I find this interesting from our 2000-years-later perspective where the church landscape is, well, let’s say a bit fractured. Interesting why? Because much of the New Testament is filled with reminders and corrections and even outright slams about lack of unity in the church. Jesus hadn’t been back in heaven for long and the new believers already needed correcting in this area.
So, before you think I’m ridiculous for even writing about unity and lack-thereof, please read Paul’s letters (Romans, Galatians, Colossians, 1 & 2 Corinthians, Ephesians, Philippians, 1 & 2 Thessalonians, 1 & 2 Timothy, Titus, Philemon).
Ever since accepting the call to pastor a non-denominational church in small town America, I’ve been more keenly aware of Jesus’ final prayer for future believers.
You see, as a non-denominational church pastor, most of my interactions with other local pastors reaches across to different brands of Christianity. I get to experience first hand that when you work ecumenically [representation of the whole of a body of churches] there can be challenges, but they’re worth facing because of Jesus’ final prayer for future believers.
Here in Punxsutawney the local ministerial association hosts a yearly event called Church in the Park (CITP). CITP has been going on for over ten years now. On Sunday morning many of the local churches close their doors and meet for a community worship service in the park. It’s a beautiful scene.
On this Sunday, men and women of the community put aside their secondary doctrinal differences and meet together under the most important and primary doctrinal belief: Salvation by Grace through Faith in Jesus Christ.
This is what Jesus calls us to in his final prayer. Unity. Oneness. A church reflecting the unity that exists eternally between the Father and the Son.
Here is what Jesus prays:
20 “I am praying not only for these disciples but also for all who will ever believe in me through their message. 21 I pray that they will all be one, just as you and I are one—as you are in me, Father, and I am in you. And may they be in us so that the world will believe you sent me.
22 “I have given them the glory you gave me, so they may be one as we are one. 23 I am in them and you are in me. May they experience such perfect unity that the world will know that you sent me and that you love them as much as you love me.
John 17:20–23 (NLT)
I love the call to get along with purpose.
Why Unity Matters
When I read scripture and seek to apply it to my life, one of the practices I’ve developed is to look for the why.
It’s a life thing.

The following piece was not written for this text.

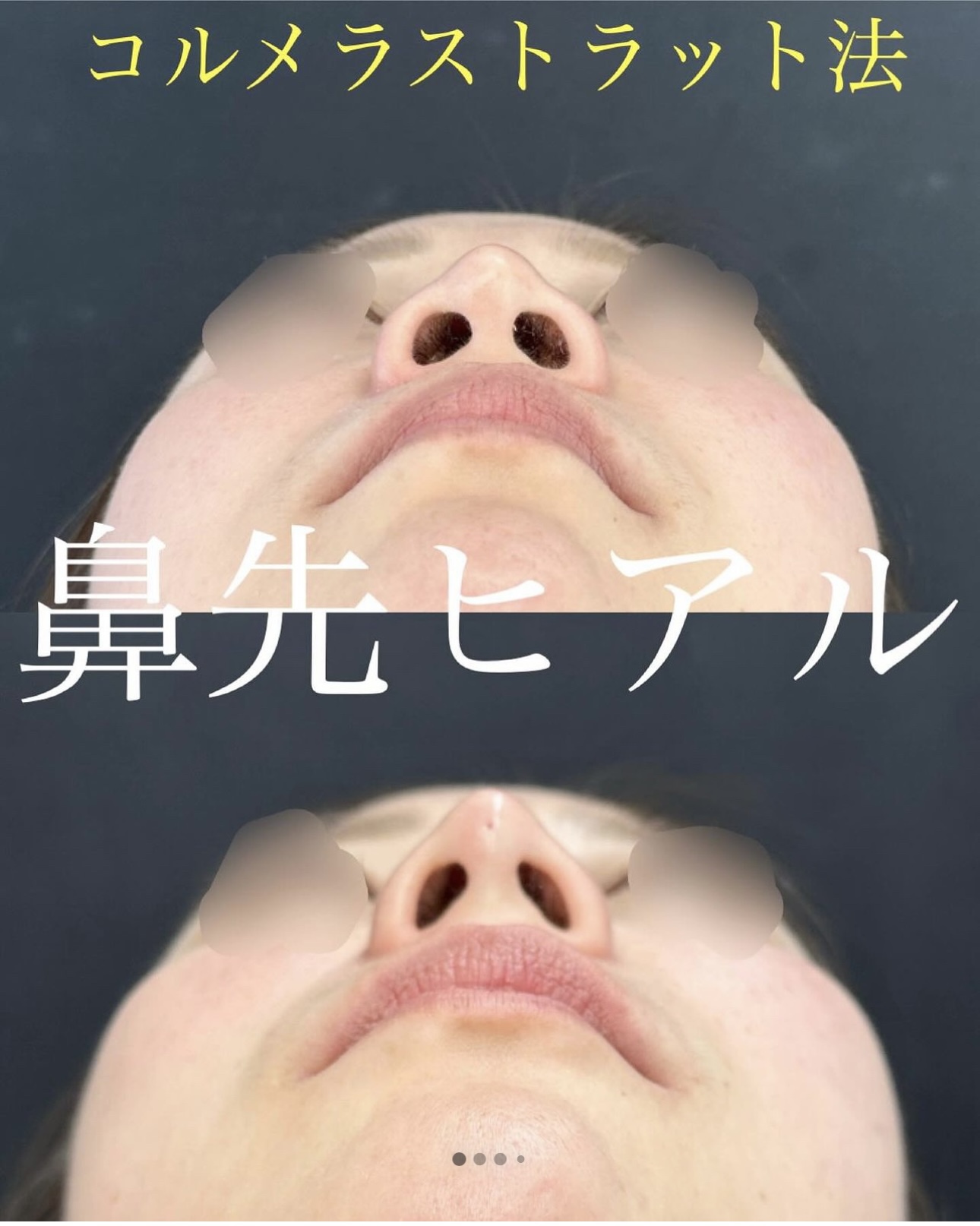 玻尿酸填充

Anytime we do anything in life we want to know why. If your boss asks you to take on a task – you want to know why. Usually in a job situation the why is well known. But, if the why isn’t obvious you may ask.

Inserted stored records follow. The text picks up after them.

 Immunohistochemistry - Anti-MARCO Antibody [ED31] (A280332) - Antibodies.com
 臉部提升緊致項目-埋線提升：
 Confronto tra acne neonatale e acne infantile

Much of the time in scripture, not all of the time, but much of the time, God provides the why.
So, why does Jesus pray for all believers to be one? Verse 21 says, “…so that the world will believe you sent me.”
It’s the mission! It’s evangelism! It’s witnessing by how we live! It’s saving souls! It’s taking more people to heaven with us!

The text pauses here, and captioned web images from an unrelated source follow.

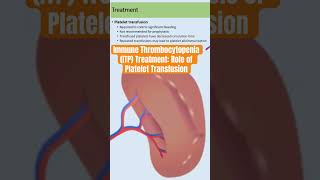 Immune Thrombocytopenia ITP Treatment Role of Platelet Transfusion immunethrombocytopenia itp [upl. by Kev]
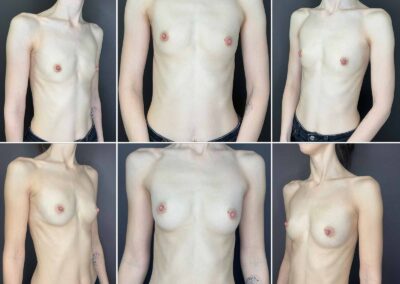 Augmentace zvětšení prsou vlastním tukem, lipofilling prsou, fatgrafting - MUDr. Radek Lhotský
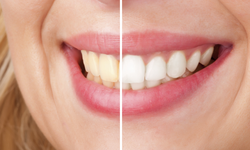 4 hệ luỵ nếu tẩy trắng răng sai cách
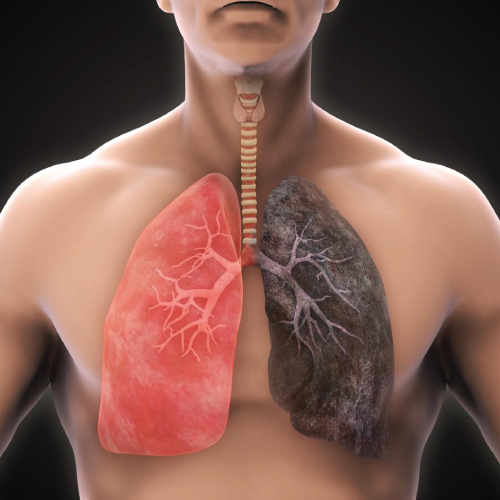 A-Trusted-Pulmonology-Billing-Services-Provider
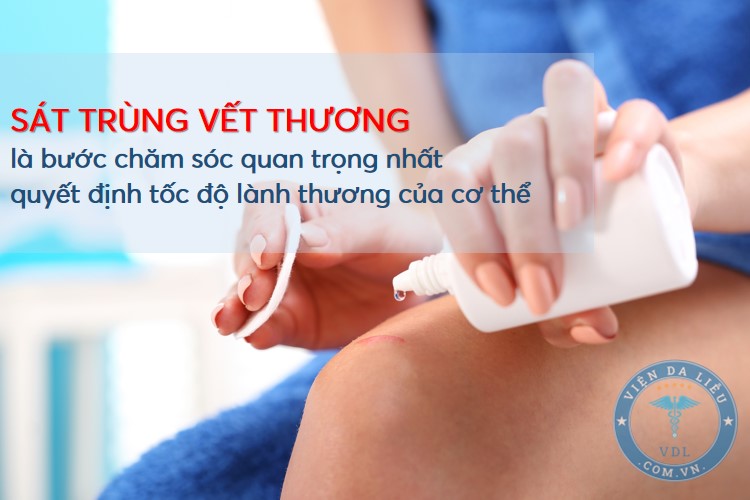 vet-thuong-ho vết thương hở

It’s reflecting the love of Christ by how we love each other!
When we unite, the world sees that and may believe in Christ. When we fight, the world sees that and wonders why they would join a movement of people fight.
That’s why I love Church in the Park. It’s a public display of Christians worshiping with Christians. It’s an opportunity for believers to come together under the name of Jesus and worship in unity while declaring to the world – and each other – that we’re in this together. It’s an invitation rather than a stiff arm or a locked door.
No one says we have to like everyone, but we are called to love everyone.
I hope you’ll join us at this years Church in the Park and continue to look for opportunities to work alongside other believers. None of us are an island in our faith journey.